I’ve been gearing up for the second year of the UNC Charlotte Science and Technology Expo, which will be happening on campus on Sunday, April 21st.  I’ve been preparing a number of weird and unusual demos for the expo, and today I did my first run of the Kaye effect.  The video below shows the results of my experiments.

A thin stream of liquid soap is pouring into a plate below.  Though most of the time it just clusters in a pile, it occasionally fires off an arcing streamer!  These streamers of fluid can actually fly quite far — the ones in my initial experiment were traveling up to 8 inches, leaving the bowl entirely.  Here’s a snapshot of one of the streams, coming towards the camera:

kayephoto01

The Kaye effect was first reported in 1963 by British engineer Alan Kaye, who noticed this unusual behavior when working with complex organic liquids.  A complete explanation for this phenomenon remained uncertain until 2006, when Dutch researchers did some clever work to elucidate the effect.

So how does this work?  It has been long known that liquid soap and shampoo are shear thinning fluids: this means that, under stress, the fluid flows better and becomes more “liquid-like.”

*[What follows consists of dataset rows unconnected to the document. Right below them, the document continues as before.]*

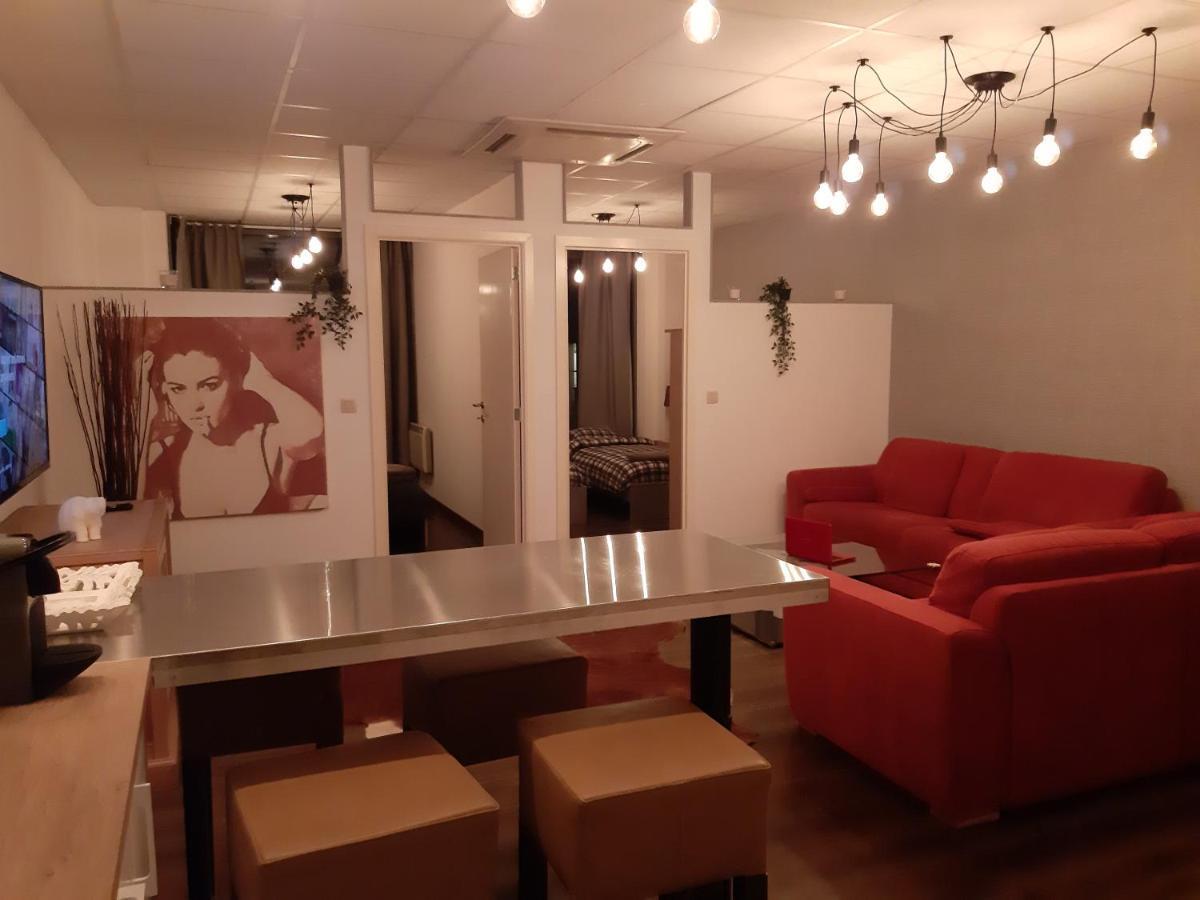 Diamond Bourse Apartments Αμβέρσα Εξωτερικό φωτογραφία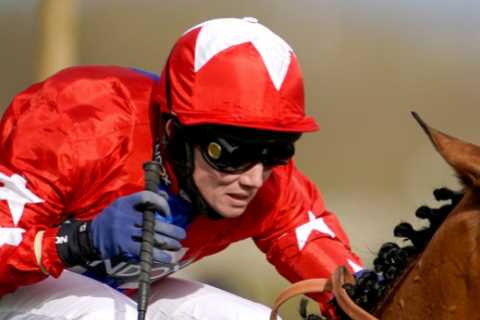 Jockey Josh Moore sedated in hospital with family by side after recovery hit by chest infection..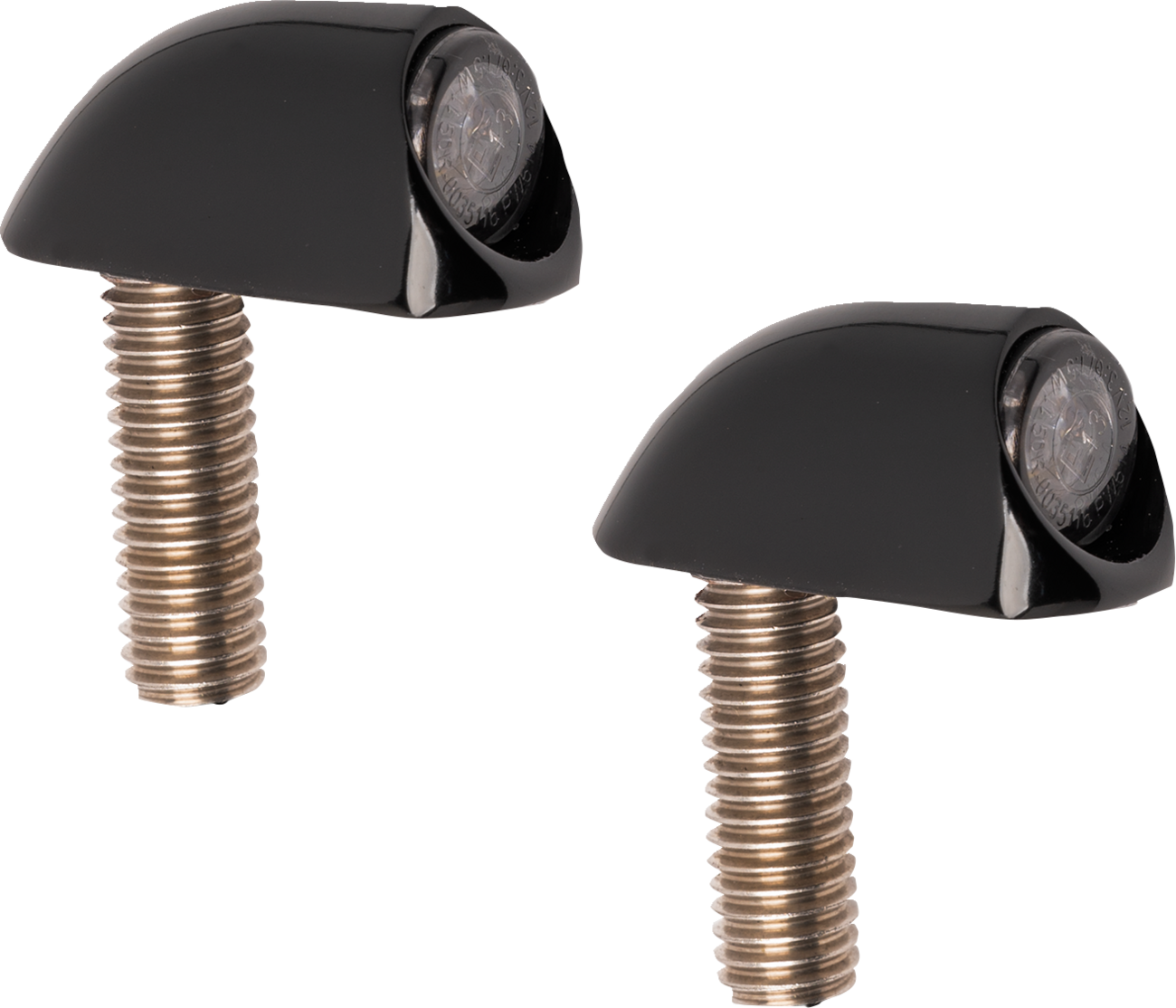 KODLIN MOTORCYCLE Run/Turn Signal - Black  Softail Low Rider ST FXLRST 2022-2023 K68532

Most of the time, the soap just forms a heap on the bottom of the bowl:

kaye01

Occasionally, however, a dimple forms at the top of the pile. Then a thin layer of shear-thinned fluid forms in the dimple, making a slippery barrier between the heap and the descending stream, preventing their merging.  The stream is deflected and launches from the dimple like a ski jumper:

kaye02

Other shear thinning fluids include non-drip paint and ketchup, meaning that it might be possible to do a similar experiment with them!  Shear thinning fluids are sort of the converse of shear thickening fluids like oobleck, which acts like a solid when put under pressure.  It is even possible to walk on the surface of oobleck if one moves quickly enough!

The Kaye effect can be a great attention-getting demonstration for science expos, which is why I’m working on it.  Even more impressive is the observation (by the 2006 Dutch team) that the Kaye effect can be made stable if one makes it run downhill — essentially one ends up with a bouncing stream of liquid soap!

Now that I’ve got the basic phenomenon working, I’m going to tackle the downhill trick next.

The Kaye effect is really straightforward to achieve: I used a ring stand to hang a cake icing dispenser above a bowl.  With a 1 mm icing tip, I got a sufficiently thin stream of soap.

(I’m also hoping to make a more sophisticated video of the Kaye effect, but that will have to wait until I can figure out why my video editing software is constantly crashing.)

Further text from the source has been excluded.